Irving Berlin. Joan Rivers. Groucho Marx. Sarah Silverman. Fanny Brice. Lou Jacobs. Sophie Tucker. Barbara Streisand. Harry Houdini. George Gershwin. These are comedians, magicians, songwriters, performers, actresses, composers, singers, and even a clown. They are also all Jewish, yes — but what makes this group of individuals even more distinct is that they are all American Jews, proudly weaving the fabric of American society, culture, and history.
This May, their pictures rotate on the front page of the Jewish American History Month website, reminding visitors of the prominent looming figures who have shaped the entertainment industry (sometimes singlehandedly).
But Jews have been involved in a lot more than entertainment (no matter what the slurs about Jews in Hollywood would lead us to believe).
According to the Jewish-American Hall of Fame, the first Jew came to the new world along with Columbus: “The only known Jew on Columbus’ voyage was Luis de Torres, though he had to be baptized shortly before sailing. Torres knew Hebrew, Aramaic and some Arabic. Simon Wiesenthal speculates (in Sails of Hope) that ‘after the landfall in America, the first words addressed to the natives were Hebrew.’ What is known for sure is that Torres was the first European settler in the New World. He set up his own small empire in Cuba, after leading an expedition into its interior and winning the friendship of the Indian ruler. As an independent ruler of Spanish territory, Torres received an annual allowance from the Spanish royal family.”
A few hundred years later, the first Jews began to sow their seeds in the new, fertile, soon-to-be “homeland.”

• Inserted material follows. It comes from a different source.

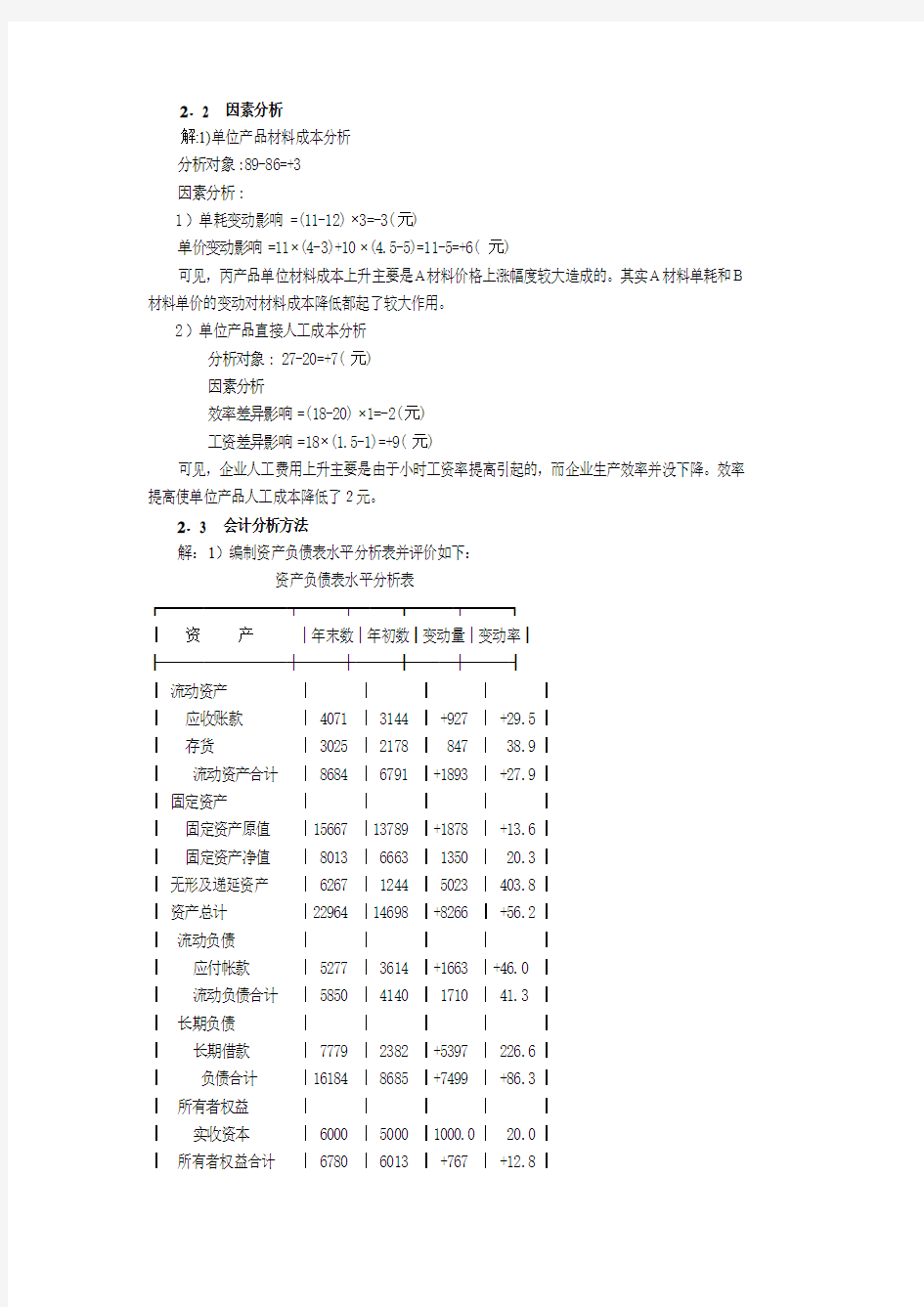 《财务分析》课后习题答案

The Jewish-American Hall of Fame confirms, “The first group of Sephardi and Ashkenazi Jewish settlers arrived in New Amsterdam in September 1654, following their escape from the onslaught of the Inquisition in Recife, Brazil.” Although they did not receive a warm welcome upon their arrival (being called the “deceitful race” who practiced an “abominable religion” by the Dutch West India Company), the first settlers persevered, eventually being allowed to stay thanks to the influence of the Jewish directors of the company.
Thanks to the company directors standing up for their brethren, Jews are now prosperous and plentiful in America, and some reports even estimate that there are more Jews living in the United States than in Israel. Therefore, it is an unavoidable fact that the Jewish focal lens has recalibrated to gaze upon both Israel and America as centers of Jewish life — American Jews play an equal role in shaping the global Jewish legacy as well as the American future.
According to the official government Jewish American Heritage Month website, on April 20, 2006, Former President George W. Bush proclaimed that May would be Jewish American Heritage Month. The background continues, “The announcement was the crowning achievement in an effort by the Jewish Museum of Florida and South Florida Jewish community leaders that resulted in resolutions introduced by Rep. Debbie Wasserman Schultz of Florida and Sen. Arlen Specter of Pennsylvania urging the president to proclaim a month that would recognize the more than 350-year history of Jewish contributions to American culture. The resolutions passed unanimously, first in the House of Representatives in December 2005 and later in the Senate in February 2006.”
In order to celebrate, the United States Holocaust Memorial Museum, the Library of Congress, the National Archives, and the National Gallery of Art are all hosting events ranging from conversations with Holocaust survivors to book signings to film screenings.
Jewish groups at UCLA, however, do not appear to be doing anything substantial to celebrate. Perhaps this is due to the conception that Jewish American Heritage Month is not a legitimate Jewish holiday, and therefore deserves less attention than an age-old tradition. Or maybe it is due to the recentness of Jewish American Heritage Month’s initiation in the official American celebrations. Or maybe it is because as Jewish students attending a non-religious American university, we are already embodying what it means to live both in the Jewish and secular world, forming our identities through Jewish programs (or just Jewish guiding values) and the larger modern world. Perhaps we are the essence of the Jewish American History Month every single day of the year.